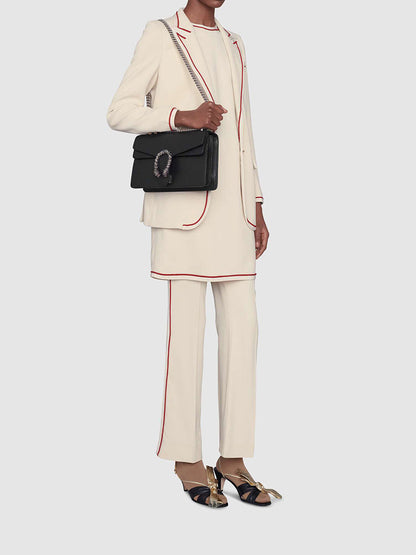 Dionysus Small Shoulder Bag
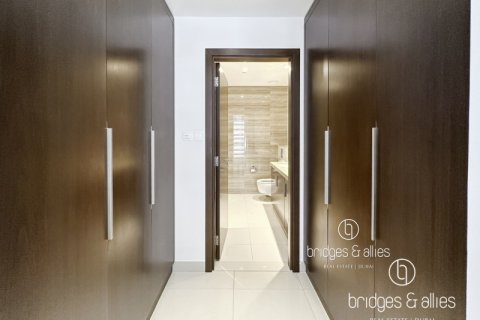 Снять в аренду квартиру в Дубай Хилс Эстейт, ОАЭ 3 спальни, 204м2, № 678756 - фото 5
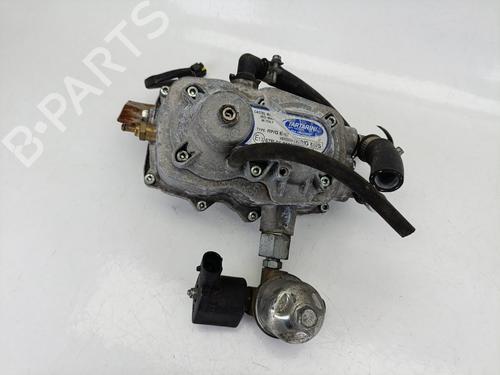 Injector BMW X5 (E53) 4.4 i | BP25876339M100 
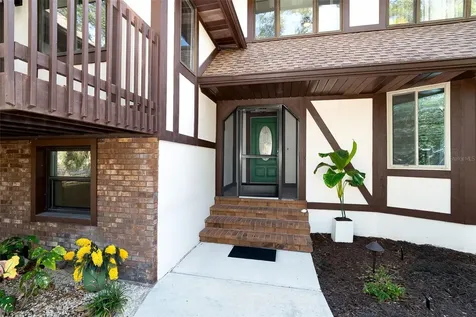 222 High Point Drive Venice FL 34292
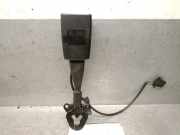 G?rtelschnalle Rechts Vorne 4L0857755L Audi (4LB) 3.0 TDI quattro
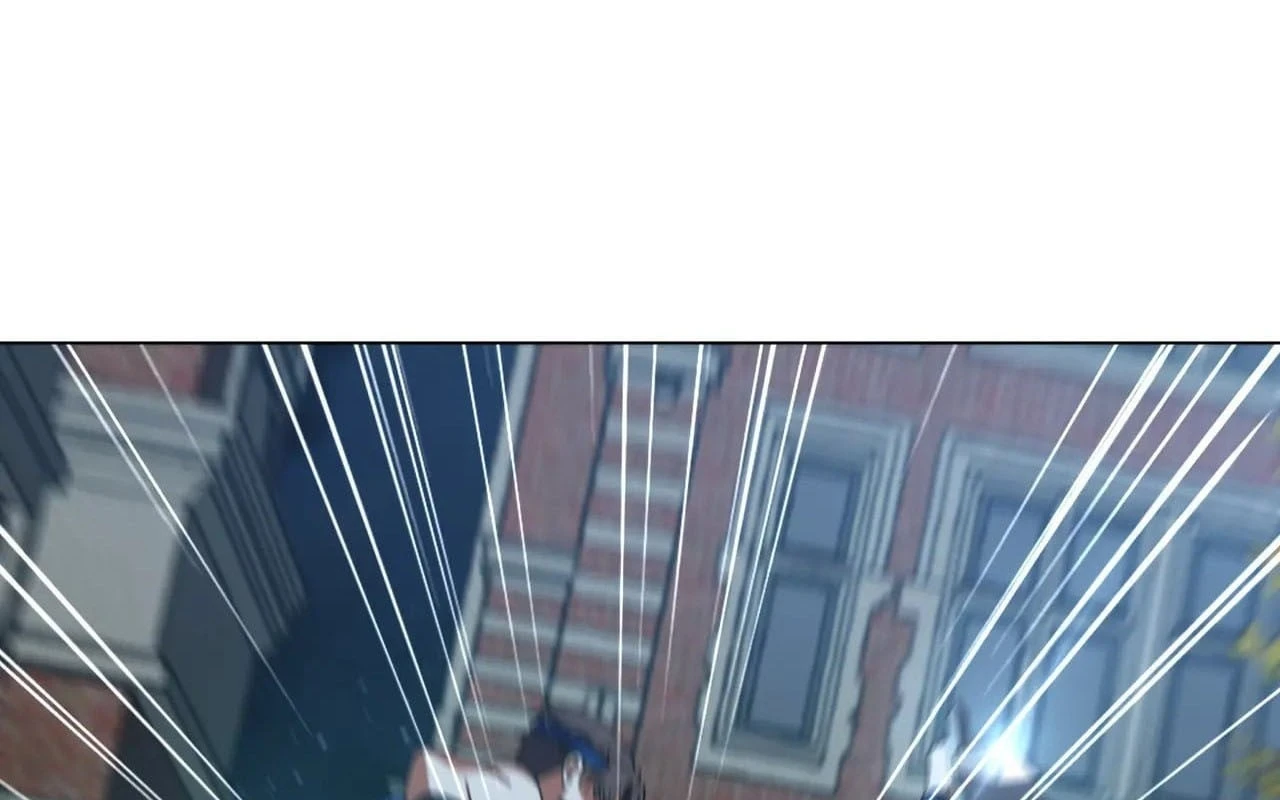 Ta Xây Dựng Đế Quốc Công Nghiệp Ở Đại Lục Ma Pháp Chapter 70 - 3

================================

Restate the entire listing word for word, excluding pictures.

 Dionysus Small Shoulder Bag
 Снять в аренду квартиру в Дубай Хилс Эстейт, ОАЭ 3 спальни, 204м2, № 678756 - фото 5
 Injector BMW X5 (E53) 4.4 i | BP25876339M100 
 222 High Point Drive Venice FL 34292
 G?rtelschnalle Rechts Vorne 4L0857755L Audi (4LB) 3.0 TDI quattro
 Ta Xây Dựng Đế Quốc Công Nghiệp Ở Đại Lục Ma Pháp Chapter 70 - 3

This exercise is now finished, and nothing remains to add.